Ukraine's President Viktor Yanukovych appears to have blinked in his confrontation with the protest movement.
In meetings attended by leaders of the protest movement and officials from Russia, France, Germany and Poland, Yanukovych made a series of concessions to try and end the ongoing protests. Still, the hardcore protesters occupying downtown Kiev are not satisfied.
The violence in Ukraine died down Friday as news of the deal spread. Under the deal, the country reverts to the 2004 constitution that limits the power of the presidency. A coalition government is to be formed; presidential elections will be brought forward to December of this year; opposition leaders will work to get Kiev and other affected cities back to normal; and the government pledges not to declare a state of emergency.

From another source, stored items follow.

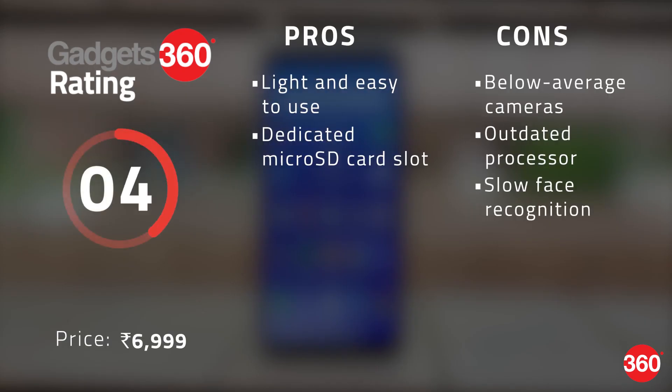The Asus Zenfone Lite L1 is priced aggressively at Rs. 6,999 but is available for Rs. 5,999 under Flipkart's festive Dhamaka Day sale. The Snapdragon 430 is slower compared to the newer processors available in the market and the 2GB of RAM creates another bottleneck, holding it back from delivering a fluid experience. If you are on a strict budget, you may want to consider the Xiaomi Redmi 6A, or we would recommend that you stretch your budget a little and go for the Max M1 instead. Let us know your thoughts in the comments below, and as always, for all things tech, stay tuned to Gadgets360.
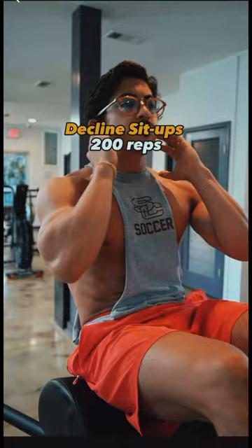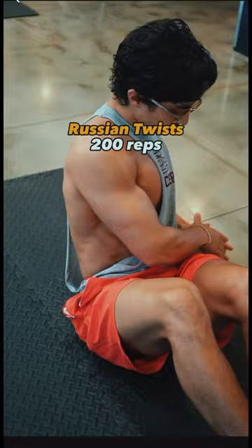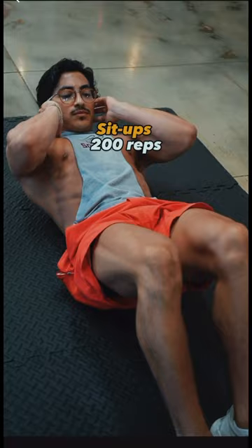Then I did one of my favorites, Russian Twist, for 200 reps as well. And as if that wasn't enough, now 200 reps of sit-ups. And my abs were absolutely fried by this point.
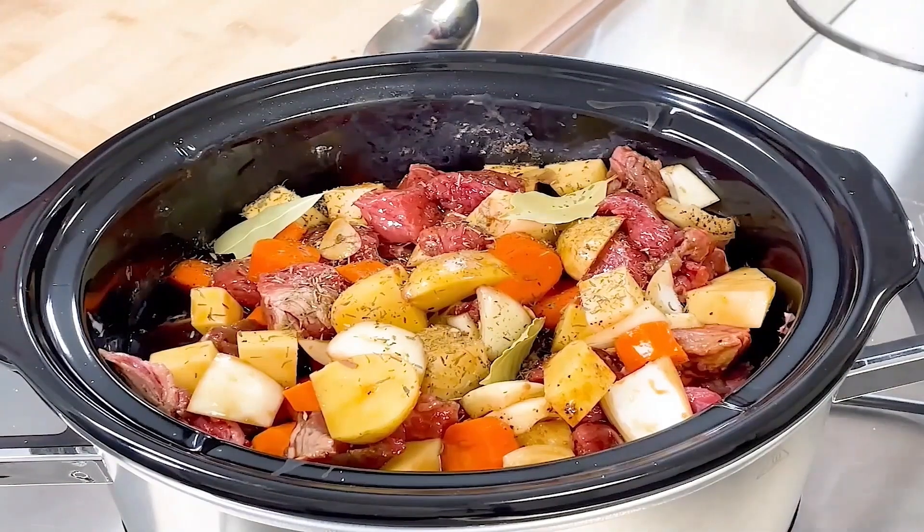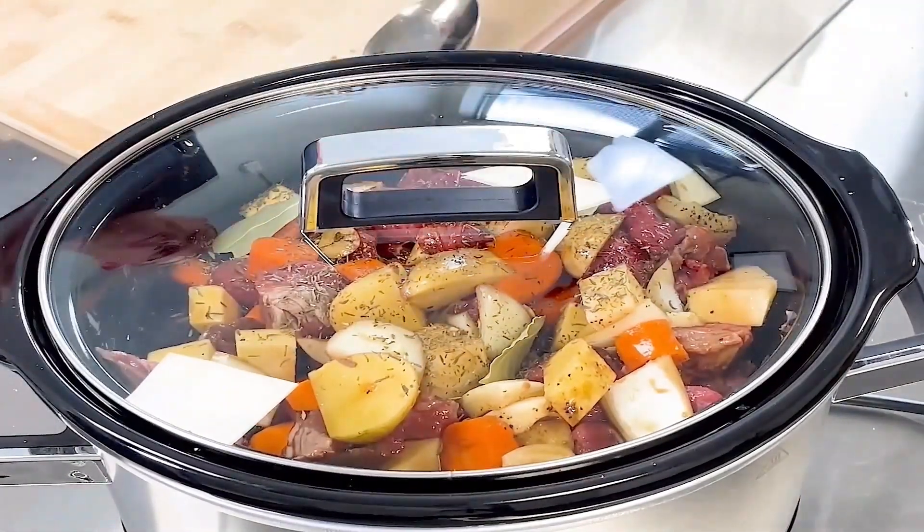Lid back on, and we'll leave that for seven hours.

But that may not happen, for a variety of reasons.
"In the square," says Canadian Broadcasting Company (CBC) correspondent Margaret Evans, "I didn't meet a single person who was happy that the deal had been signed. They don't think it goes far enough. They've always said, 'we're not going till Yanukovych actually resigns.' And nothing seems to have changed that."
Evans says people don't trust Yanukovych. They see the hand of Russia in government actions. "They didn't like the fact there was a Russian envoy in the discussions. They see it as a time-buying tactic. They all call Yanukovych a bandit. And they simply think he'll use this to gather his resources again and they'll be back in the same place a few months later," she says.
"They want him to resign immediately," says Evans. "They want him gone yesterday."
Already, there are signs the deal may not stand up. Russia refused to sign on, reports The New York Times, leading many to wory they may use indirect methods to pressure Ukraine not to follow through with its commitments.